Representative photomicrographs showed brain neurons double immunofluorescent staining for High-mobility group box 1 (HMGB1) (red) and Neuron-specific nuclear protein (NeuN), a neuronal cell marker (green) in vitro in the control (C, E) and Hb incubation group (D, F). (A) Immunofluorescence staining shows more than 98% cells were positive for both Neuron and 4',6-diamidino-2-phenylindole (DAPI), which suggests the high percentage of Neuron cells in the primary cultured cells. (B) Result of western blot analysis of concentrated conditioned culture media, which showed that HMGB1 could be detected in the media. (C, D) Images of cultured neurons in light microscopy to watch its sharp; light micrograph of neurons shows cellular morphology in sham group (C) and Hb incubation group (D). (E, F) Merged images of HMGB1(red) and DAPI (blue) in cultured neurons. Compared with the sham group (E), the Hb incubation groups (F) showed translocation of HMGB1 in cytoplasm (as shown by white arrows).
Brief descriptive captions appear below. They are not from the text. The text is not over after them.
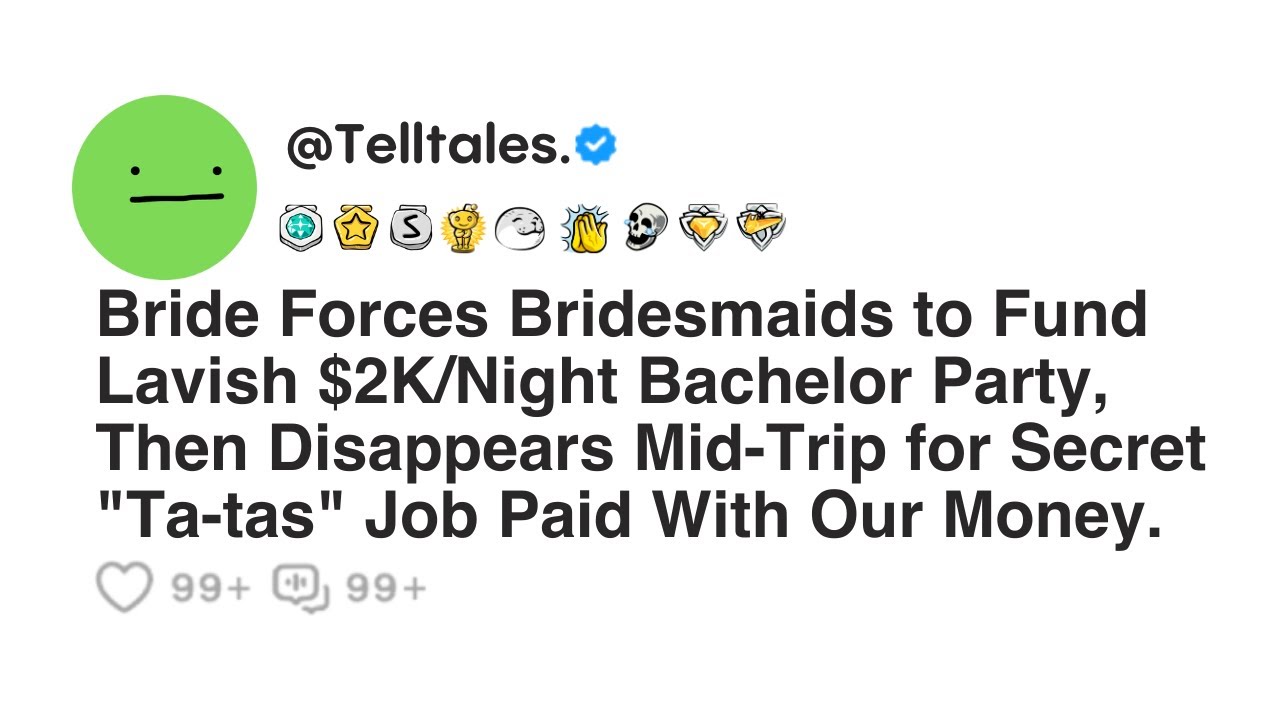 Bride Forces Bridesmaids to Fund Lavish $2K/Night Bachelor Party, Then Disappears Mid-Trip for...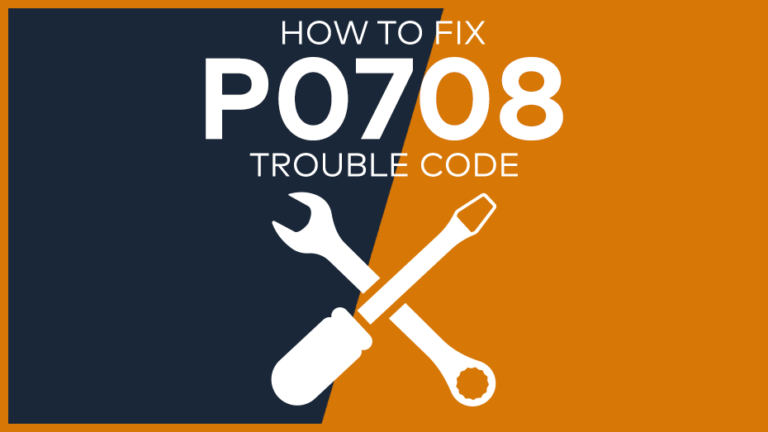 P0708 Trouble Code: Meaning, Symptoms, Causes & Fixes [Easy]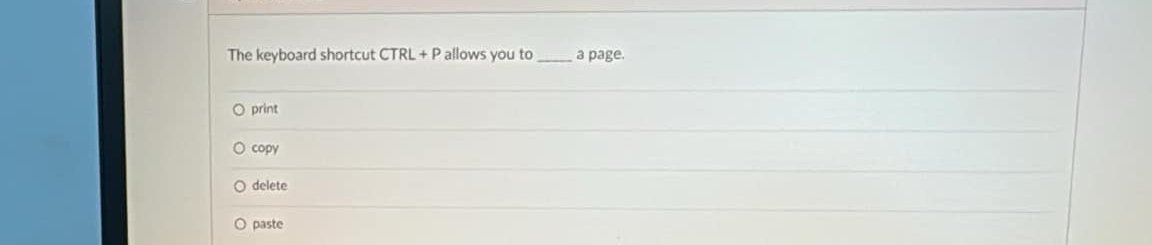 The keyboard shortcut CTRL + P allows you to q ,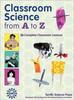 The Classroom Science from A To Z Book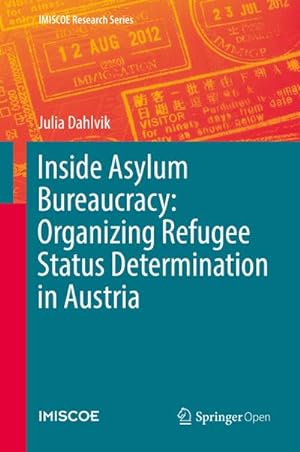 Bild des Verkufers fr Inside Asylum Bureaucracy: Organizing Refugee Status Determination in Austria zum Verkauf von AHA-BUCH GmbH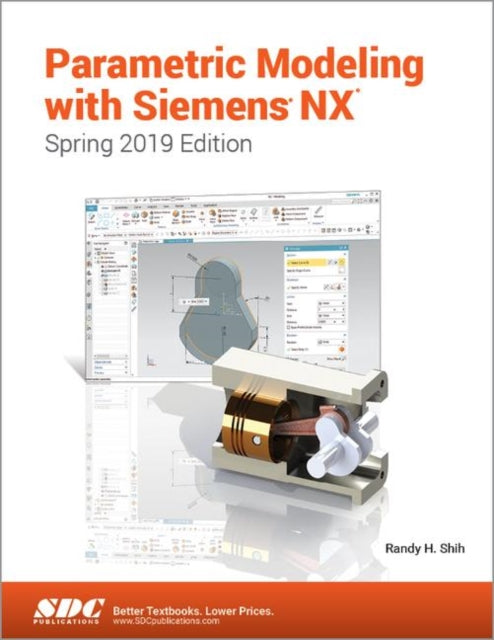 Parametric Modeling with Siemens NX (Spring 2019 Edition)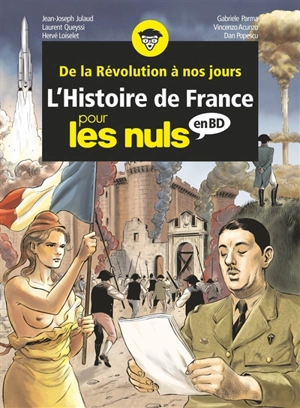 L'histoire de France pour les nuls en BD : intégrale. Vol. 3. De la Révolution à nos jours - Hervé Loiselet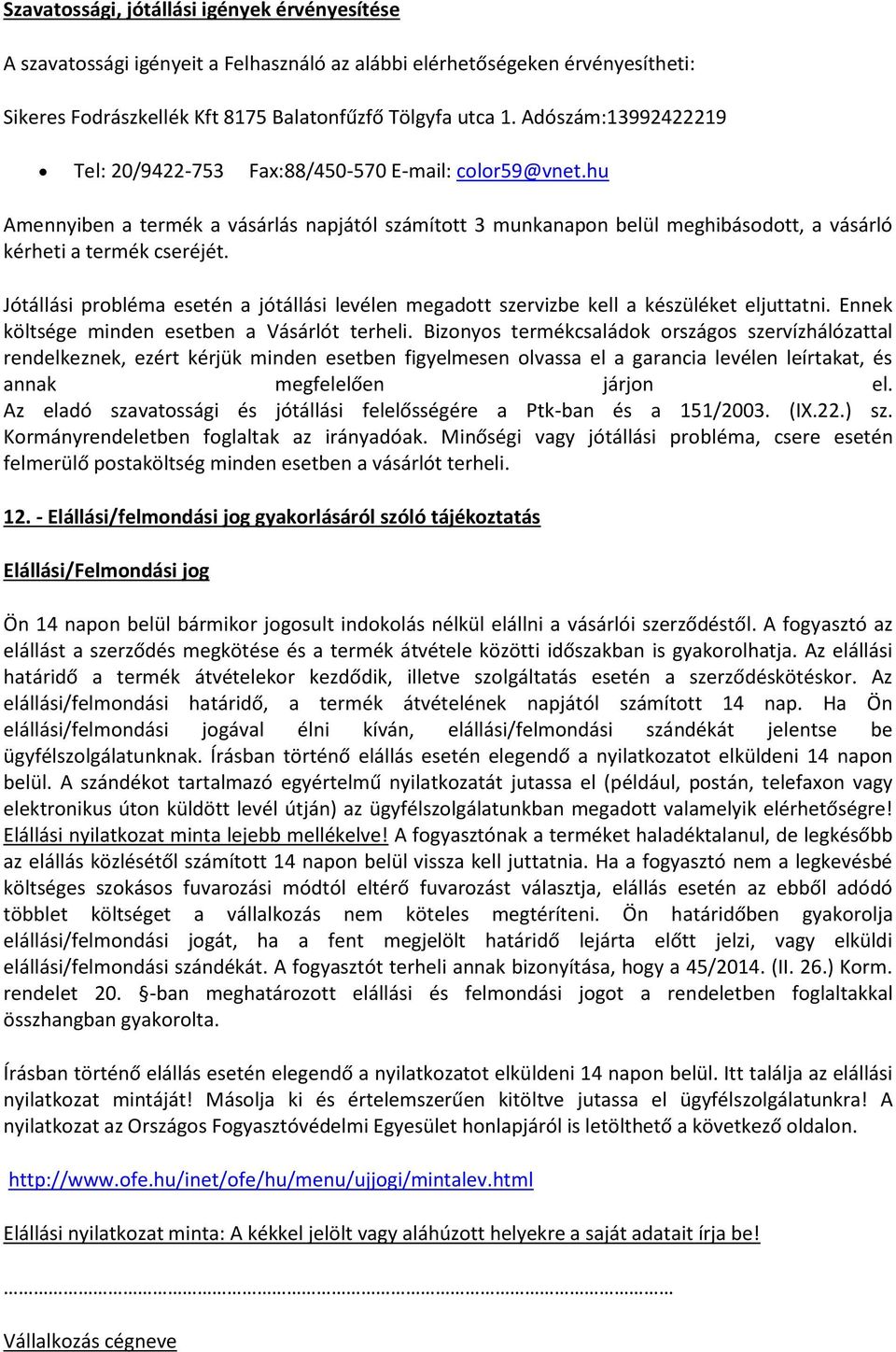 Jótállási probléma esetén a jótállási levélen megadott szervizbe kell a készüléket eljuttatni. Ennek költsége minden esetben a Vásárlót terheli.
Scale bar: 20 μm.

Figure 11

Conditioned medium from Hb-treated neurons induced IL-1β in cultured mixed glial cells, which could be inhibited by High-mobility group box 1 (HMGB1)-specific inhibitor. Cultured mixed glial cells were arranged into three groups. In the control group mixed glial cells were treated with control medium; in the medium group mixed glial cells were treated with neuron medium; in the medium + glycyrrhizic acid (GA) group, after mixed glial cells were treated with neuron medium, a special inhibitor of HMGB1 (GA) was added in the medium to silence the activity of HMGB1. IL-1β was measured by real-time PCR. Bars represent the mean ± standard error (n = 6), *P < 0.05 compared with the medium group; ^#P < 0.01 compared with the control group.